Once again I find myself hating the image that reflects back at me in the mirror. It is a daily struggle, but it seems once or twice a year I really seem to see it. See it enough to want to do something about it. I have never been a small girl, but I haven't always been obese. I am now. After two children, the loss of my mother and the inevitable stress of daily life I have eaten my way to the Big "O"...and not the Big "O" us gals enjoy! LOL!
Since I have gotten so dark from being outside with my kids for 6+ hours a day I have a perfect outline of my 'fat suit'. That is exactly what it looks like to me. My legs have always been thin, perhaps even too thin, my arms are thin (ok not as thin as they used to be) and my face is...well sorta on the thinnish side. My 'thin' areas seem to grow a tiny bit each year...but when I look in the mirror these days there is this white outline of all the weight I carry in my belly and my butt. I hate it. I know many of you reading this right now see the same thing and you hate it too. It's amazing how quickly one glance in the mirror can ruin your day. And it's amazing how there are so many amazing women out there who secretly hate themselves simply for their outward appearance. And instead of loving our bodies and taking care of them...we further punish them by stuffing it with more calories and tricking ourselves into thinking it made us feel better.
I have vowed and vowed and vowed again...I even created a website once...I have been to Weight Watchers, I have joined the gym, I have lost 30 pounds more than once only to gain even more back again. For all my strength, stubbornness and sensibility, this is one place in my life that I completely let my weakness get the better of me. Just like an alcoholic. I do believe that food can be an addiction, and it is mine.
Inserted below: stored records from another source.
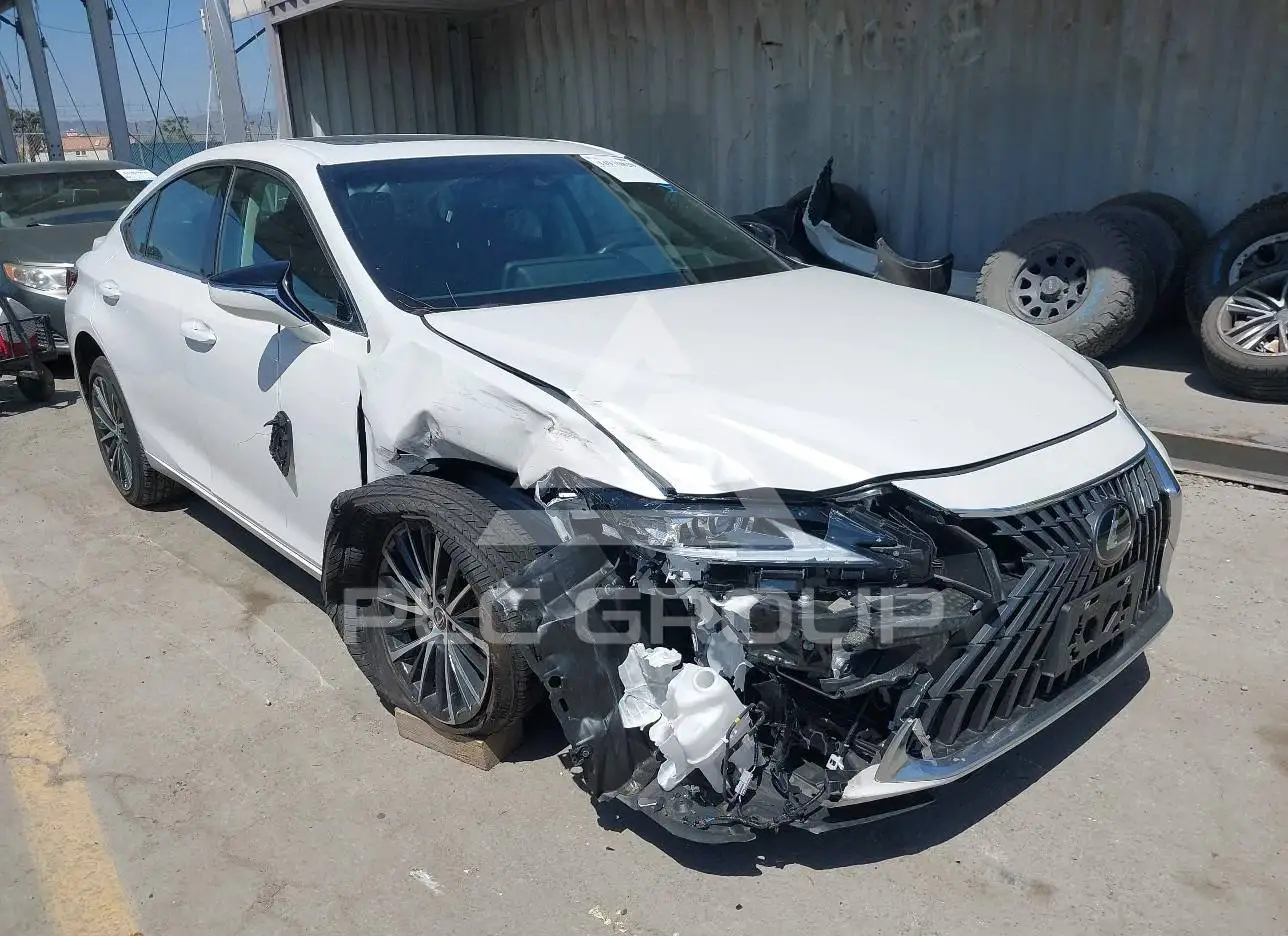 2025 Lexus ES300 VIN: 58ADA1C15SU068190 from the USA - PLC Group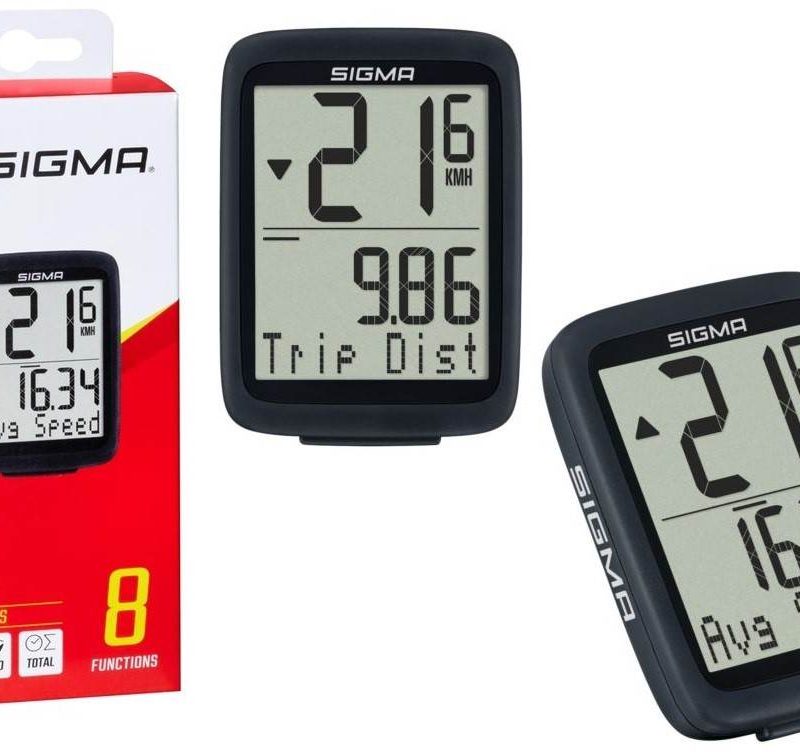 Licznik Bezprzewodowy Sigma Bc 8.0 Wl Ats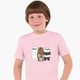 Дитяча футболка для хлопчиків Вся правда про ведмедів (We Bare Bears) (25186-2892-29) 146-152 см Бавовна Рожева - зображення 1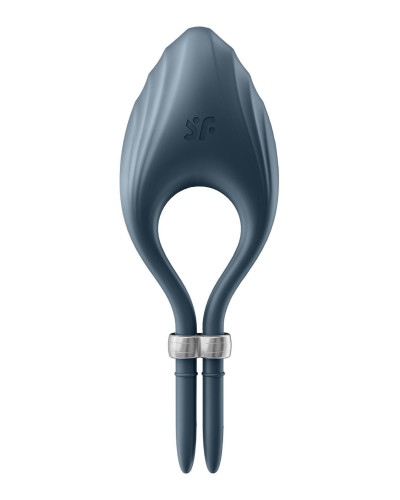 Ерекційне віброкільце-ласо Satisfyer Duelist Dark Blue, 10 режимів, потужний мотор - Фото №2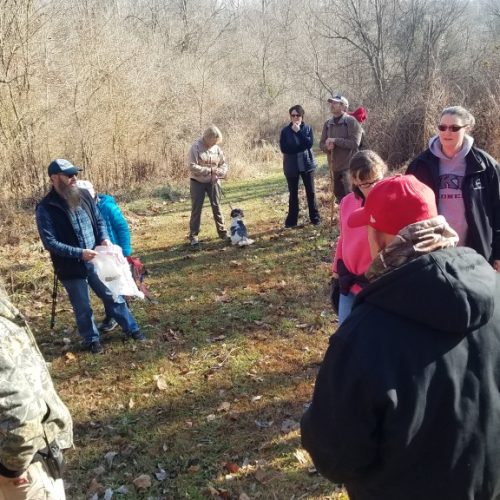 Kincaid Lake State Park - First Day Hike - image 3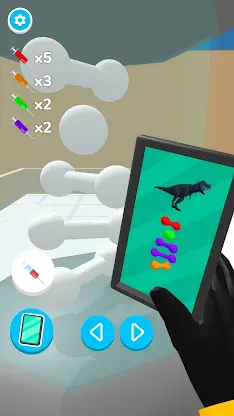 Dino Lab screenshot 4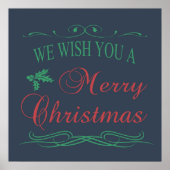 Poster Joyeux Noël (Devant)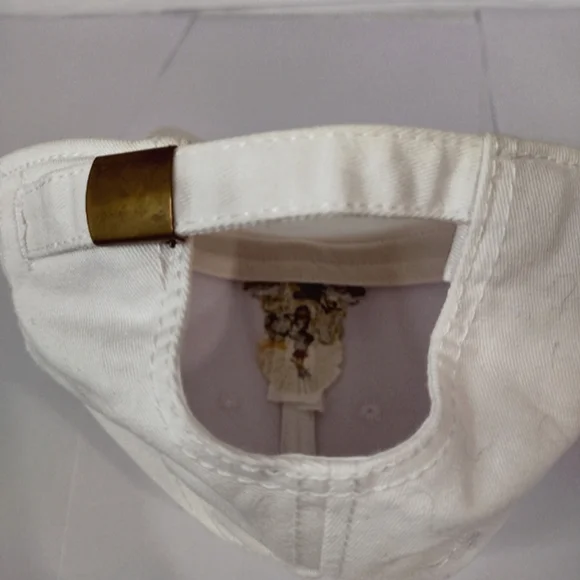 OTTO White Cap with Bold Logo - Picture 9 of 10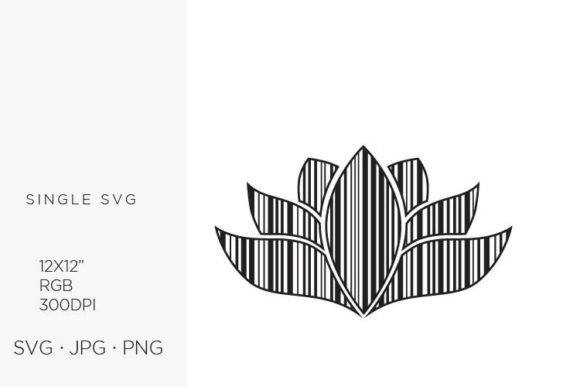 Barcode, Lotus Flower, Vector: A Designer's Review of These Graphics and Icons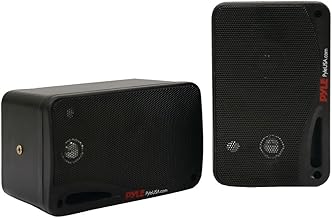 Pair of Waterproof 3.5-Inch Bluetooth Speakers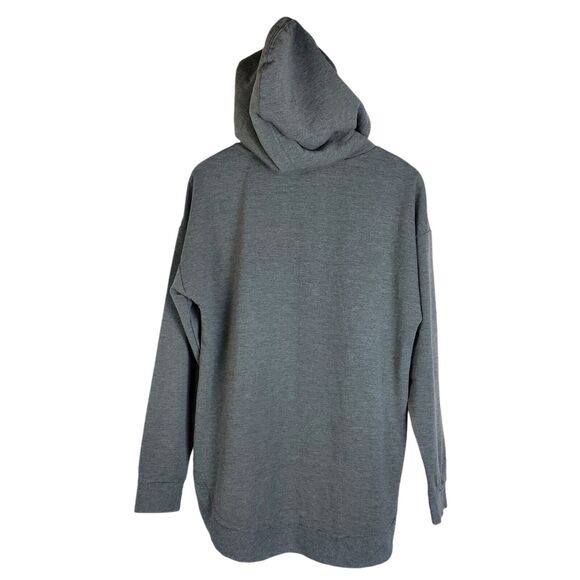 NEW Maurices Womens State Homeward Sweatshirt Sz L Gray Fleece Long NH Hoodie - Picture 2 of 12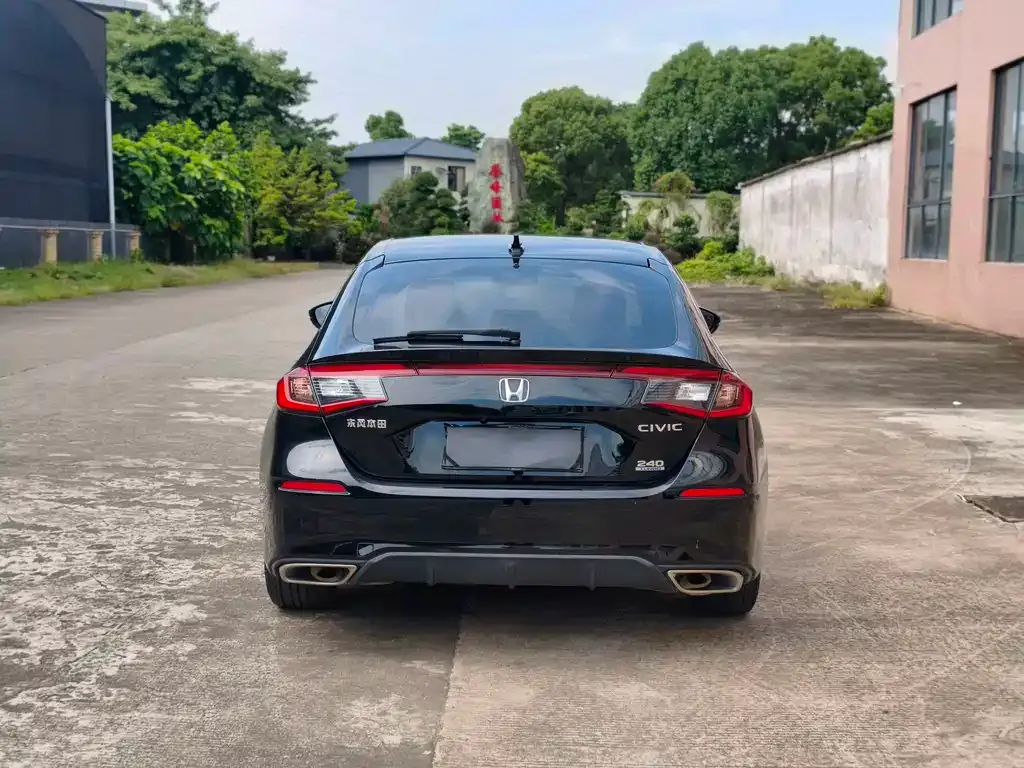 Honda Civic — фото 8
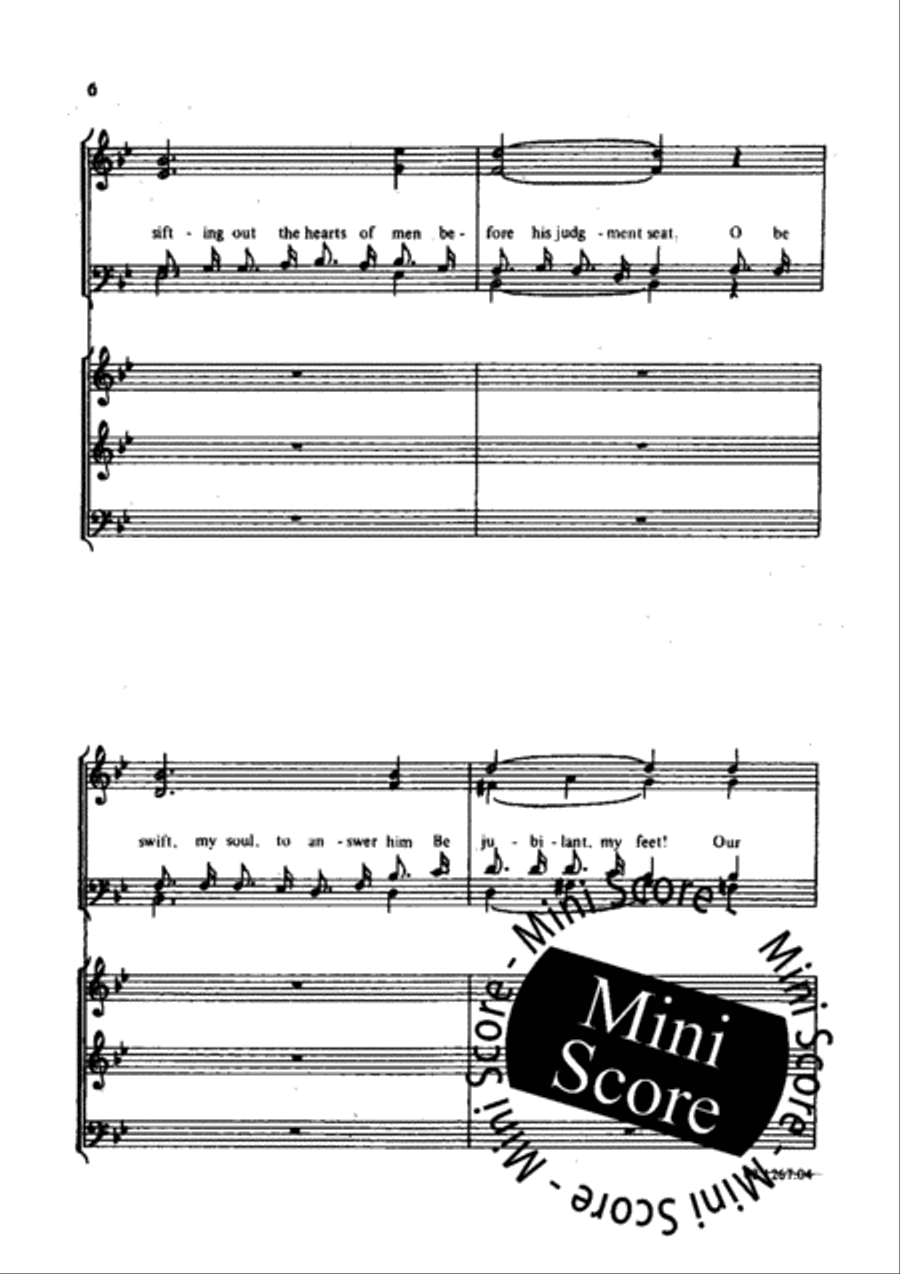 Battle Hymn of the Republic Fanfare Band scores gallery preview page 8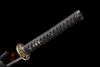 Ronin Katana Hand Forged Clay Tempered Samurai Sword With Real Hamon Model #28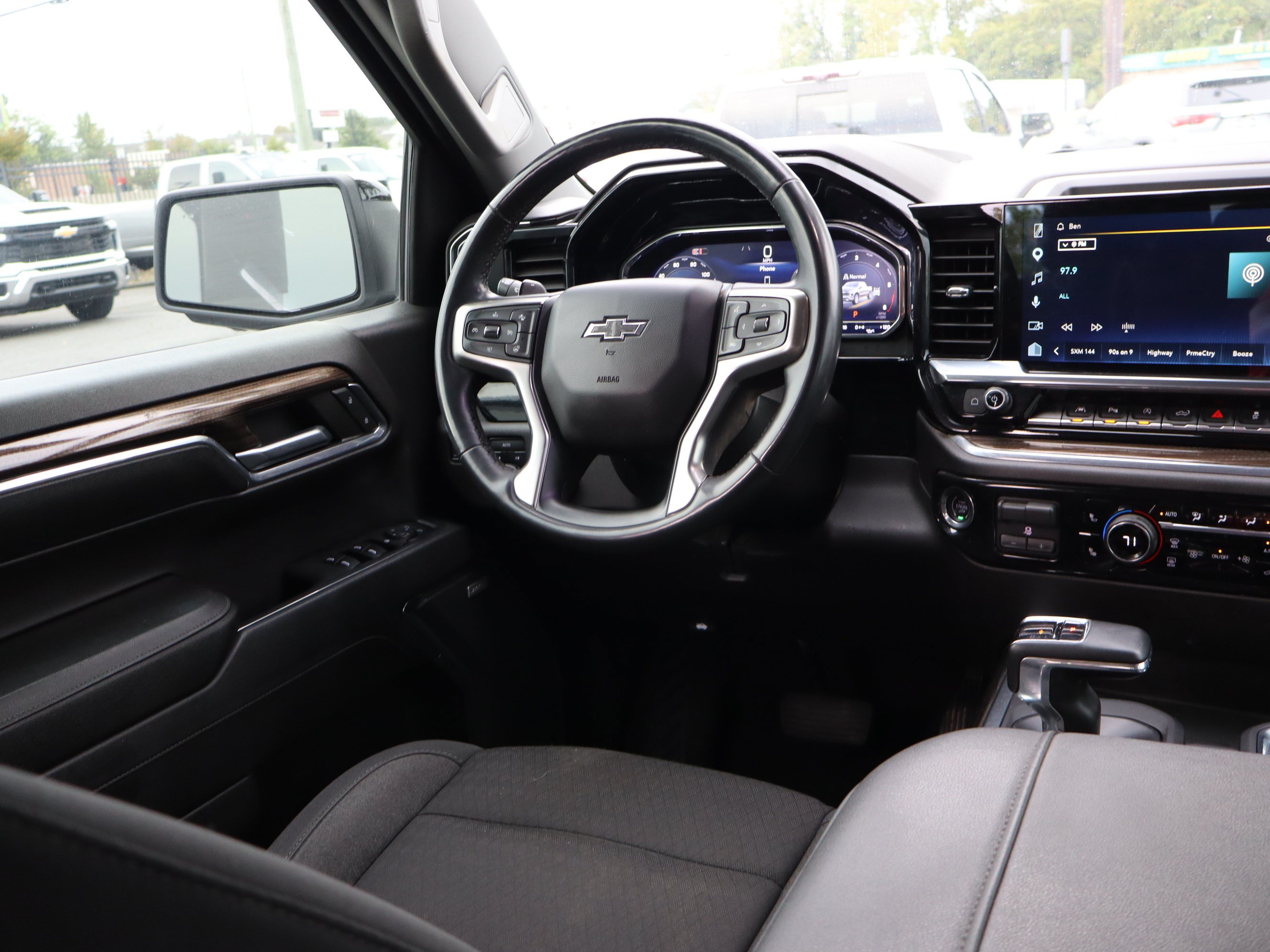 Used 2024 Chevrolet Silverado 1500 RST w/ All Star Edition Plus AWD/4WD image 13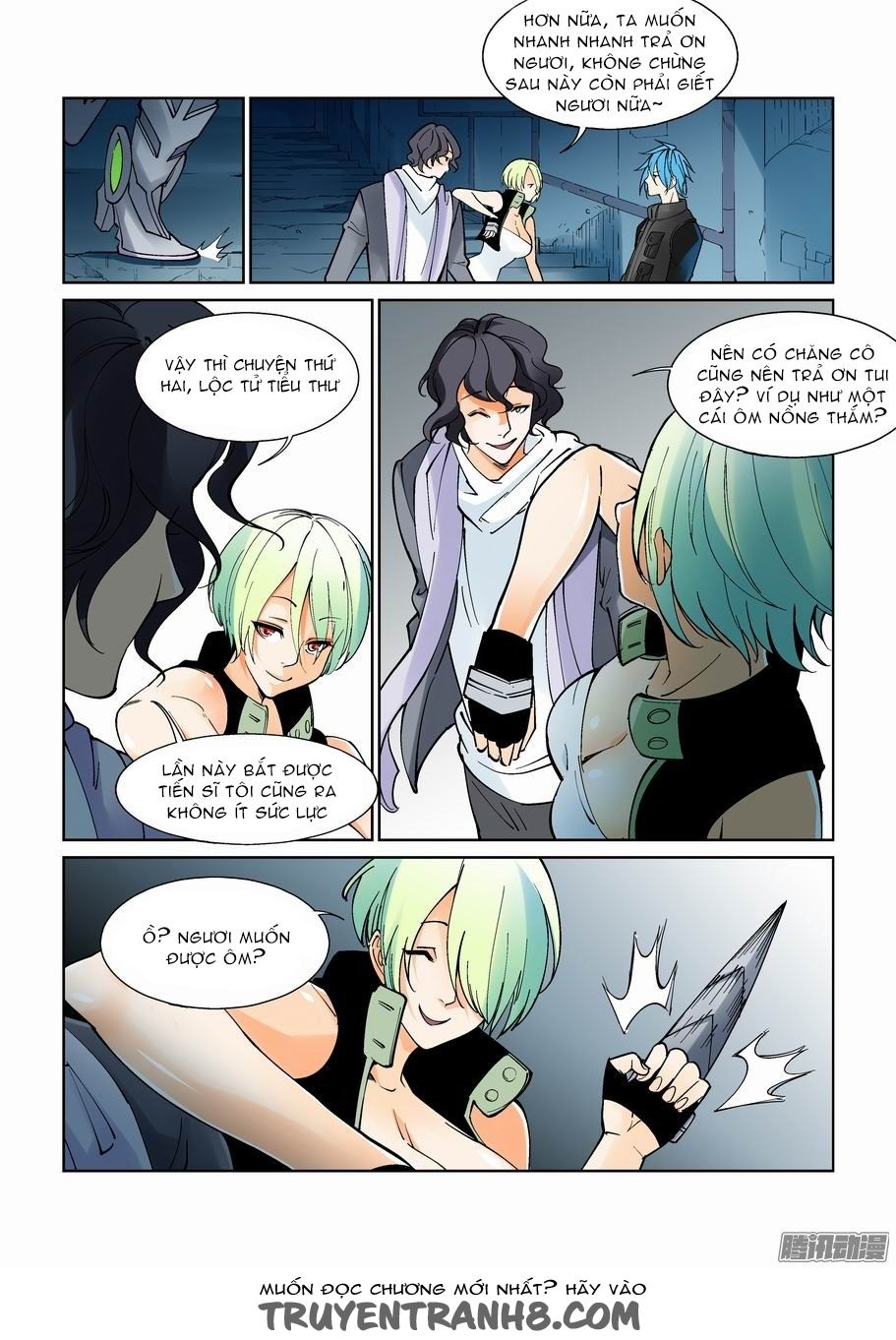 thành phố vô tội chapter 90 8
Once again I am going to try. Try to learn to love myself enough to take care of the body I have to lug around for the next 50 years, God willing. Try to find the strength. Try to find the willpower. Try to be healthy. Try to trade in the fat suit for a smaller size. I am not looking for thin. I will never be thin. But healthy would be a nice change.
we are being called to radical alchemy
1 week ago
4 comments:
There is a good book I am reading and it deals with a lot of our reasons behind eating......'Mindless Eating' by Brian Wansink.
owh.. 2nd stayed with me yesterday with the baby..and we talked just exactly about this and how she finds it so hard, since food is really a comfort to her. It sucks since with work, the kids and the household there is very little time to enjoy anything on a regular basis so I understand fully how hard it is to stay of the food.
If you find some way please share!
Good luck! I just started today too! Please, incourage me & I will do the same for you! ;)
Looks like there are many who are feeling the same way as you - and I am one of them. I loved your last paragraph - because I am not interested in being skinny. I just want to have more energy and stop feeling so tired all the time.
We should all get together and encourage each other. Do you still have your website running?